UNITED STATES DISTRICT COURT MIDDLE DISTRICT OF PENNSYLVANIA
Dec 29, 2016
CIVIL ACTION NO. 3:15-CV-01489 (M.D. Pa. Dec. 29, 2016)

Opinion

CIVIL ACTION NO. 3:15-CV-01489

12-29-2016

LORRAINE PAGANO, Plaintiff, v. VENTURES TRUST 2013-I-HR, et al., Defendants.


(CAPUTO, J.)
() REPORT AND RECOMMENDATION

This is a pro se civil rights action, initiated upon the filing of the original complaint in this matter by Plaintiff Lorraine Pagano on June 4, 2015, asserting claims against Defendants Ventures Trust 2013-I-H-R ("Ventures Trust"), BSI Financial Services ("BSI"), Bank of America, N.A. ("BANA"), Mortgage Electronic Registration Services, Inc. ("MERS"), and John or Jane Doe Defendants 1 through 10. (Doc. 1). Now pending before the Court are two motions filed by Defendants BANA and MERS: a motion to dismiss the case for lack of prosecution (Doc. 31), as well as a motion to strike a letter that Plaintiff filed to the docket (Doc. 29). For the following reasons, it is recommended that the motion to dismiss be granted and that the motion to strike be denied as moot.

I. BACKGROUND

This litigation concerns a 2005 home loan made to Plaintiff by Countrywide Home Loans, Inc., which since was purchased by BANA, along with the mortgage Plaintiff took out promising to repay the loan. (Doc. 1, at ¶¶ 4, 28-29). BANA brought a mortgage foreclosure action in the Court of Common Pleas of Monroe County alleging that Plaintiff had been in default on her mortgage repayments for several months, and obtained a writ of execution against Plaintiff's property on August 18, 2014. (Doc. 1, at ¶ 55; Doc. 20-2, at 7-12, 30). Plaintiff then filed her fee-paid complaint in this matter with the United States District Court for the Eastern District of Pennsylvania, seeking to overturn the foreclosure action in the Court of Common Pleas and asserting violations of the Real Estate Settlement Procedures Act ("RESPA"), 12 U.S.C. §§ 2601-2617, as well as several state law claims. (Doc. 1).

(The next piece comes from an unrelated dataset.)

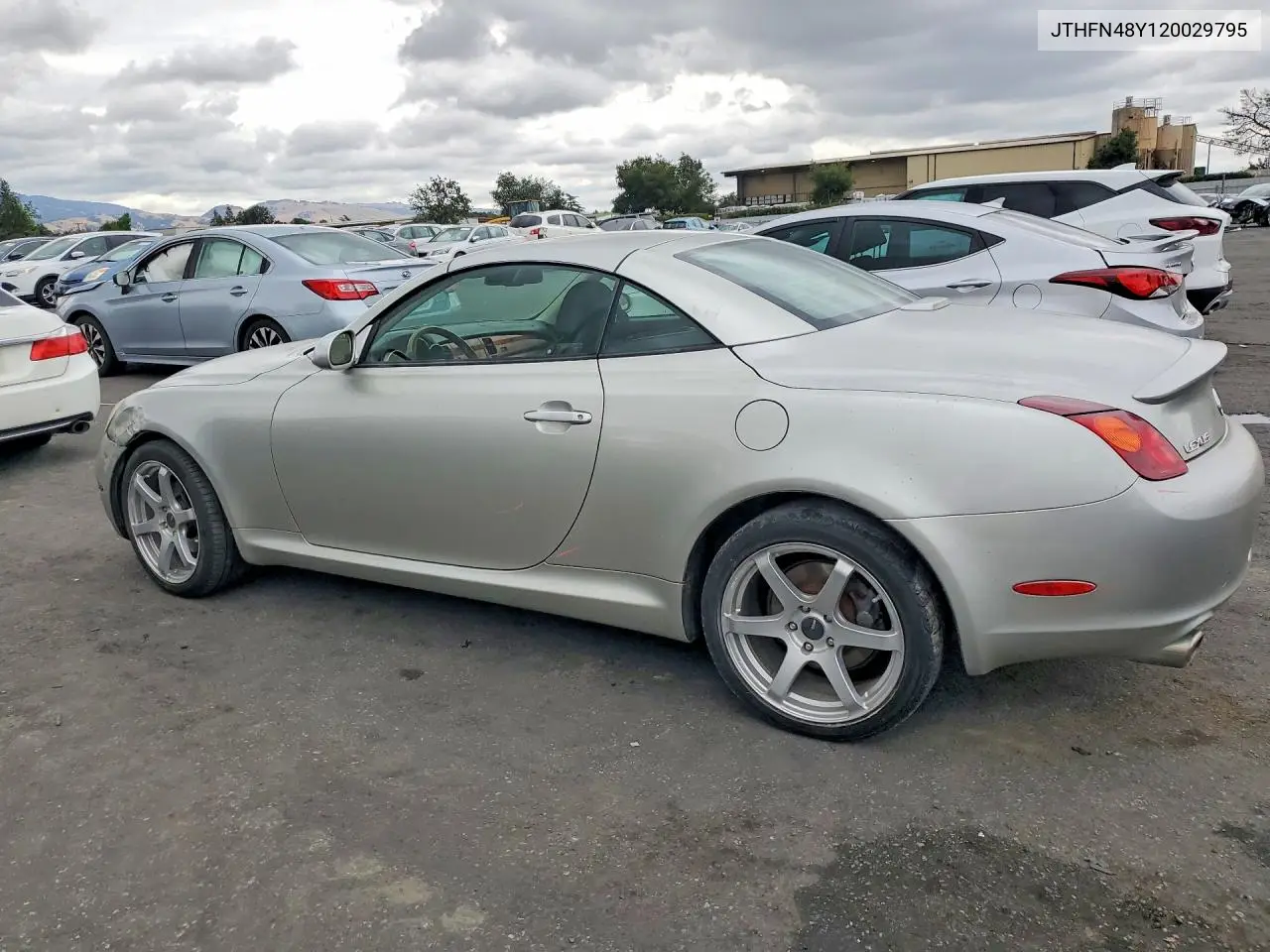 2002 Lexus Sc 430 VIN: JTHFN48Y120029795 Lot: 54549086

The case was transferred to this Court from the Eastern District on July 31, 2015. (Doc. 18; Doc. 19). All named Defendants entered their appearance in this matter and filed motions to dismiss Plaintiff Lorraine Pagano's complaint in August of 2015. (Doc. 20 (Ventures Trust and BSI); Doc. 22 (BANA and MERS)). On January 22, 2016, the undersigned United States Magistrate Judge recommended that both motions to dismiss be granted, that several of the claims asserted in Plaintiff's complaint be dismissed with prejudice while all other claims be dismissed without prejudice, and that Pagano be given the opportunity to reassert her remaining claims in an amended complaint. (Doc. 26). The District Court adopted the Recommendation on February 24, 2016, and granted Plaintiff thirty days to file an amended complaint. (Doc. 27).

Defendants had previously filed motions to dismiss Plaintiff's complaint with the Eastern District. (Doc. 2; Doc. 9). District Judge Kearney denied those motions to dismiss as moot in his Order transferring the case to this Court. (Doc. 17).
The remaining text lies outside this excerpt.